═══ Source material ═══

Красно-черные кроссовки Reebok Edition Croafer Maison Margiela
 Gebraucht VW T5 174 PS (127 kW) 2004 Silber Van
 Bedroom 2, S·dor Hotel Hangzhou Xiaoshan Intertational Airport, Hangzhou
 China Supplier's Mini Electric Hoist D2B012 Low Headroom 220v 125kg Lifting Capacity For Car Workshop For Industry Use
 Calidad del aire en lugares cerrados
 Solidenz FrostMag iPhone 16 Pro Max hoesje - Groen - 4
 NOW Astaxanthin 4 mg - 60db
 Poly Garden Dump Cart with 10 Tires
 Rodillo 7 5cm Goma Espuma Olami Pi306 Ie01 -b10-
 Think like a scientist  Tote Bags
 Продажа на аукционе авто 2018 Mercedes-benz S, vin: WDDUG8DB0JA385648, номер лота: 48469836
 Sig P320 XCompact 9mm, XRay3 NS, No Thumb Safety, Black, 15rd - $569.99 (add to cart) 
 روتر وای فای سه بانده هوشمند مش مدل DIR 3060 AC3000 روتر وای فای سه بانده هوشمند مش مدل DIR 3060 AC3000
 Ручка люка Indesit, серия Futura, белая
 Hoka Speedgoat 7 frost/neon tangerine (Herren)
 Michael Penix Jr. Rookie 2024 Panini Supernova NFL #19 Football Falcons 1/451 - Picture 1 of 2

═══

Leaving every word in place, retype all of the listing.

Answer area =>
Красно-черные кроссовки Reebok Edition Croafer Maison Margiela
 Gebraucht VW T5 174 PS (127 kW) 2004 Silber Van
 Bedroom 2, S·dor Hotel Hangzhou Xiaoshan Intertational Airport, Hangzhou
 China Supplier's Mini Electric Hoist D2B012 Low Headroom 220v 125kg Lifting Capacity For Car Workshop For Industry Use
 Calidad del aire en lugares cerrados
 Solidenz FrostMag iPhone 16 Pro Max hoesje - Groen - 4
 NOW Astaxanthin 4 mg - 60db
 Poly Garden Dump Cart with 10 Tires
 Rodillo 7 5cm Goma Espuma Olami Pi306 Ie01 -b10-
 Think like a scientist  Tote Bags
 Продажа на аукционе авто 2018 Mercedes-benz S, vin: WDDUG8DB0JA385648, номер лота: 48469836
 Sig P320 XCompact 9mm, XRay3 NS, No Thumb Safety, Black, 15rd - $569.99 (add to cart) 
 روتر وای فای سه بانده هوشمند مش مدل DIR 3060 AC3000 روتر وای فای سه بانده هوشمند مش مدل DIR 3060 AC3000
 Ручка люка Indesit, серия Futura, белая
 Hoka Speedgoat 7 frost/neon tangerine (Herren)
 Michael Penix Jr. Rookie 2024 Panini Supernova NFL #19 Football Falcons 1/451 - Picture 1 of 2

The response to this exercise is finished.